Matthew Brinton, a beggar in England’s Cornwall county, has earned the wrath of locals after he was spotted getting into an Audi TT in a parking lot near Bank Street. Brinton is a familiar face in the area, having begged there for several years. Footage of him getting into the $70,000 luxury car was uploaded on Facebook, and Brinton has been receiving death threats ever since.
The 35-year-old beggar, who lives with a friend, claims to have received the car as inheritance from his grandmother. He also says that the Audi has since been stolen, and he’s now fearing for his life. “I have not seen any of the social media posts because I do not have access to the internet but according to the police I’ve had lots of death threats,” he said. “People are assuming too much and I’m getting a lot of abuse.
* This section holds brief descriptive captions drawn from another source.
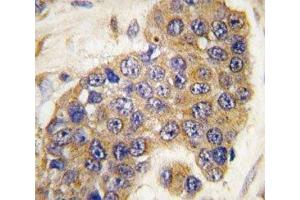 Immunohistochemistry (IHC) image for anti-BCL2 Binding Component 3 (BBC3) (AA 119-154) antibody (ABIN3030112)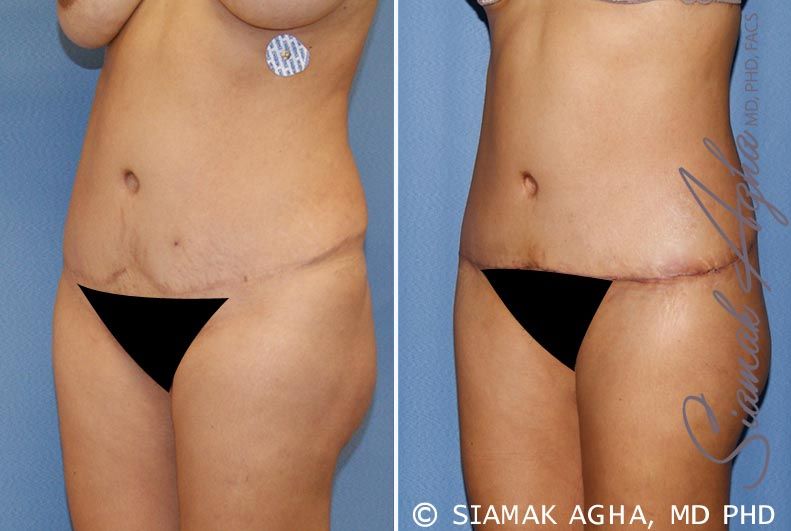 Tummy Tuck Revision Before & After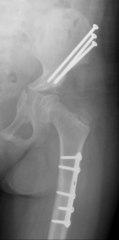 <p>- Failed conservative measures</p><p>- Require big, invasive surgeries</p><p>- But rarely needed</p>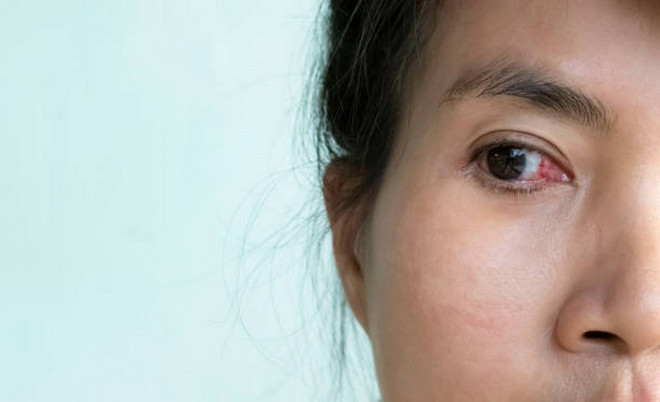 5 biến chứng nguy hiểm nếu bạn đeo kính áp tròng quá lâu- Ảnh 1.
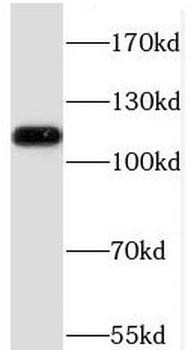 PHF12 Rabbit Polyclonal Antibody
This has been going on for years.”
The video, which was posted on Facebook on February 18, has indeed received hundreds of abusive comments from irate locals who have actually seen Brinton in person and given him money. “I’m particularly disgusted as he conned £40 from an elderly gentleman I know to ‘pay for a B&B for the night’, then went home!” one person commented. “The poor elderly gent was distraught that his kindness had been abused in such a way.”
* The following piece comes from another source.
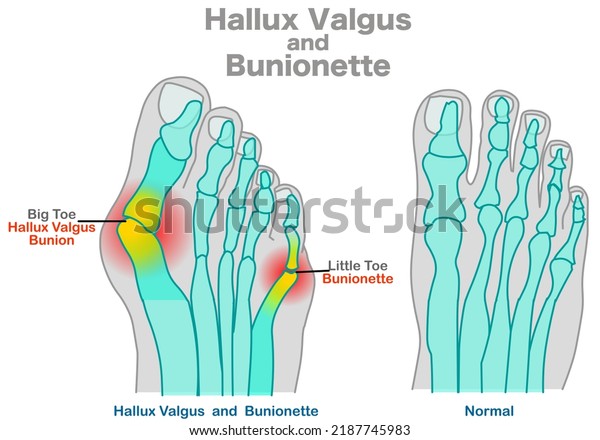 Hallux valgus,\
bunionette  anatomy. Foot bones, joint deformity feet. Top foot x\
ray, angle of  little pinky, big toe structure. Orthopedic patients\
surgery. Illustration\
vector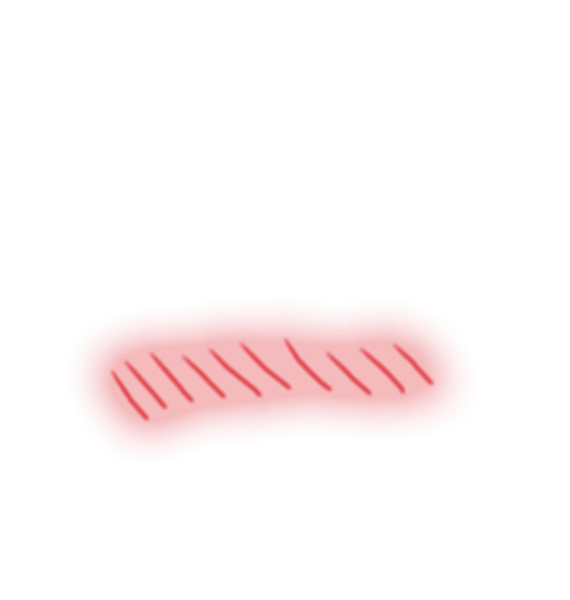 Розовые полоски на щеках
“I brought him hot food and a hot drink was very rude and ungrateful in front of my sons who were 8 and 12 at the time,” another person wrote. “I told them most homeless people were grateful and not like him.
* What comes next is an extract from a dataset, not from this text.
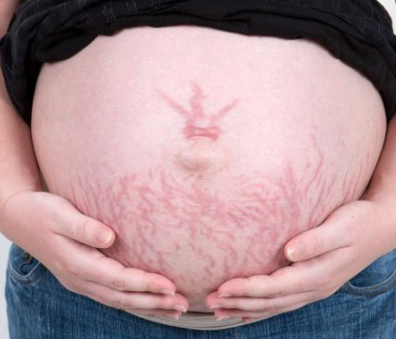妊娠線 を見たとき 夫が妻に冷める瞬間7 授乳のためにどこでも乳を ニコニコニュース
A few people are taking Brinton’s side though, like this one local who wrote: “Leave the man alone ,the dog, Hazel, is well cared for. Vent anger towards what is really making you angry – (it’s) awful bullying a vulnerable man.”
“Why judge people you don’t have to?” another questioned. “He is an ok bloke just lost in life.”
The local police don’t believe that Brinton is a con either. They told the media that he just received a lot of cash from a long lost relative, and quickly blew all the money away. And they’ve confirmed that he isn’t in possession of the car or any money as of now. “He had a few threats, with people making stupid comments on social media,” said inspector Dave Meredith, Newquay’s top police officer. “We’ve told him: ‘You need to be careful because of the video on Facebook; there’s lots of ill-feeling and animosity because of it.’”
“It’s a sad case, really,” the inspector added. “I’ve known him from years but he doesn’t help himself.”